*** Exercise materials ***
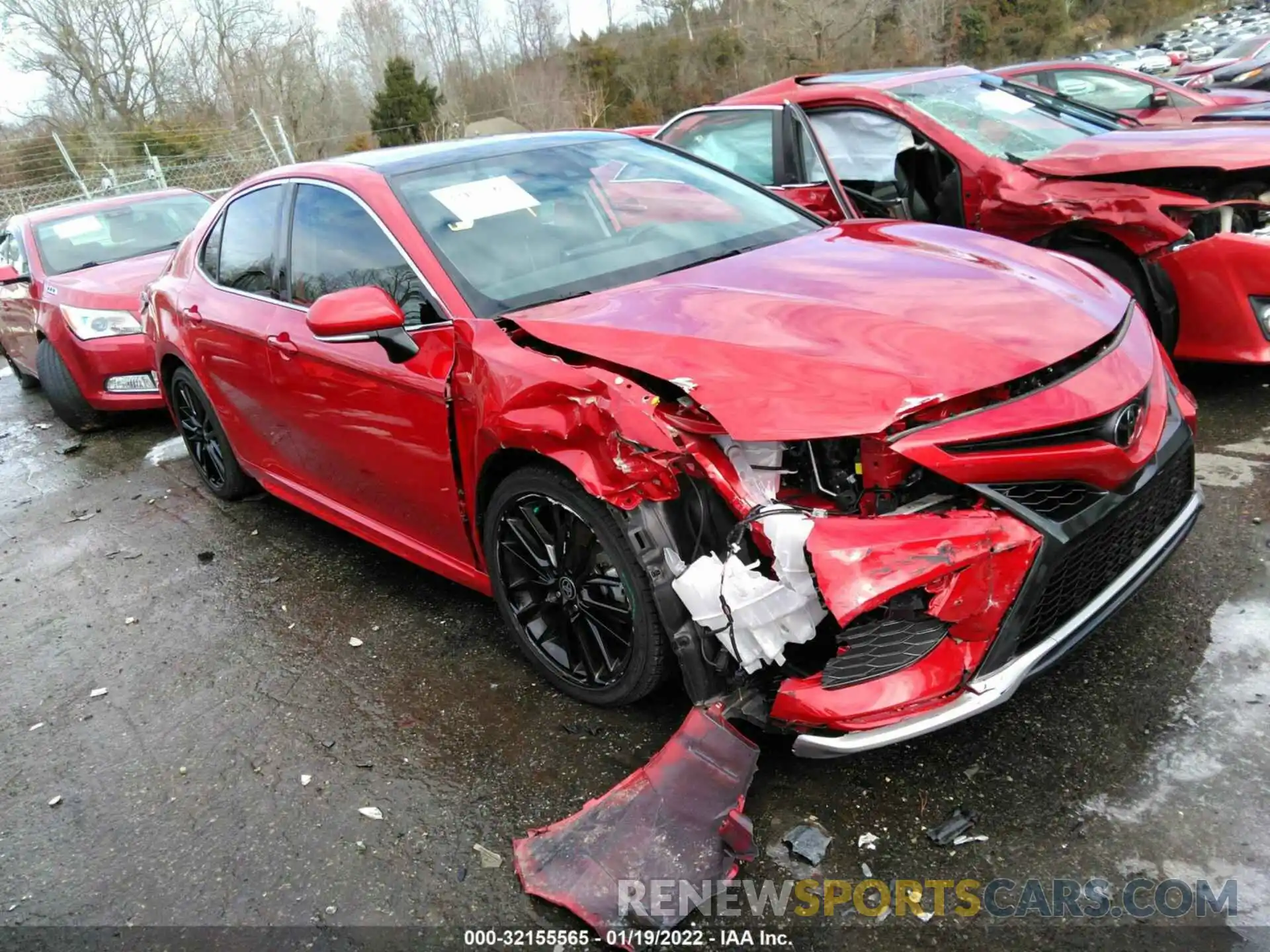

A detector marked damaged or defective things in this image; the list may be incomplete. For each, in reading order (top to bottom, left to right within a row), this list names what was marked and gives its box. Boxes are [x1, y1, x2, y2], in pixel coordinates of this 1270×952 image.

crumpled hood [1021, 125, 1270, 178]
damaged red sedan [660, 66, 1270, 365]
crumpled hood [42, 250, 174, 313]
damaged headlight housing [61, 307, 143, 340]
broken headlight lens [62, 307, 143, 340]
crumpled hood [510, 222, 1127, 442]
broken headlight lens [1249, 299, 1270, 345]
damaged headlight housing [1249, 299, 1270, 345]
damaged red sedan [146, 134, 1199, 762]
crushed front end [660, 305, 1204, 762]
detached red fender piece [767, 515, 1046, 731]
shattered plastic piece on ground [475, 848, 503, 873]
shattered plastic piece on ground [513, 705, 757, 944]
detached red fender piece [513, 705, 757, 944]
shattered plastic piece on ground [777, 822, 838, 868]
shattered plastic piece on ground [924, 807, 980, 848]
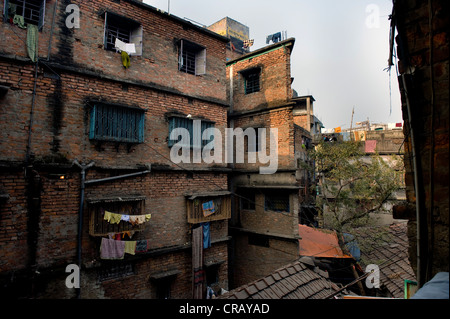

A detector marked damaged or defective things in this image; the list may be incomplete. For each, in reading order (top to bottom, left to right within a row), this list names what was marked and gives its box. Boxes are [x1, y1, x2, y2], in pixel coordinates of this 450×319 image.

rusty metal roof [298, 225, 356, 260]
rusty metal roof [218, 260, 342, 300]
*** End of Exercise materials ***
> _Your assignment_:
The required output is every line from the one with "this 450×319 image." to the final line of the entries, repeated exactly and with nothing else.

> _Output below_:
A detector marked damaged or defective things in this image; the list may be incomplete. For each, in reading order (top to bottom, left to right within a row), this list names what was marked and gives its box. Boxes are [x1, y1, x2, y2], in pixel coordinates of this 450×319 image.

rusty metal roof [298, 225, 356, 260]
rusty metal roof [218, 260, 342, 300]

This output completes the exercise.